Activity:
Go over the listing below line by line, and return each one holding the string "Vintage".

Available data:
----

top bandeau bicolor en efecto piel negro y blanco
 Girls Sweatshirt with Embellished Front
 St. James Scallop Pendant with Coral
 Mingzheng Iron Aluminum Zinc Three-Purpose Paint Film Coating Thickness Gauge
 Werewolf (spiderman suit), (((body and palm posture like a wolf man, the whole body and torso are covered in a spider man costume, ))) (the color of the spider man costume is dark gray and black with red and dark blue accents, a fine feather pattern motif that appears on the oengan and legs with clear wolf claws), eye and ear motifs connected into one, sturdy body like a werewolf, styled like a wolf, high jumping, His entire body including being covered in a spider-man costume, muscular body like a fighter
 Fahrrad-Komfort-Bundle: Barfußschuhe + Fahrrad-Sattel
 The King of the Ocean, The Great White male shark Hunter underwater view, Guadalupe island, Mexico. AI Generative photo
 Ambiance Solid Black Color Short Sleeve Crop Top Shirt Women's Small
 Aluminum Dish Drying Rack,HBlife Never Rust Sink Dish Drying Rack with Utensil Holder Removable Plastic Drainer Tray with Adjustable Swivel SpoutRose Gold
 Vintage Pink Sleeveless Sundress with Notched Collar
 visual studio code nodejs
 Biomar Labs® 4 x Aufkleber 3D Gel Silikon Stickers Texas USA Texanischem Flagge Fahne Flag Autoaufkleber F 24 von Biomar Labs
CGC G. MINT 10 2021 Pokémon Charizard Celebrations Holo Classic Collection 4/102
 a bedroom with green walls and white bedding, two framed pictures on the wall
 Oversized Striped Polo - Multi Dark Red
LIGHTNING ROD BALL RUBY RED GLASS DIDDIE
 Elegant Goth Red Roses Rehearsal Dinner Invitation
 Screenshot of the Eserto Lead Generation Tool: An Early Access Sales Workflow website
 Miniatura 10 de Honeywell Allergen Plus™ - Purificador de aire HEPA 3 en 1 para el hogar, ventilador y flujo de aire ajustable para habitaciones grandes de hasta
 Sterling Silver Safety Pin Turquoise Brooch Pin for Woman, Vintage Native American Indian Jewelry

----

Reply to the exercise:
 Vintage Pink Sleeveless Sundress with Notched Collar
 Sterling Silver Safety Pin Turquoise Brooch Pin for Woman, Vintage Native American Indian Jewelry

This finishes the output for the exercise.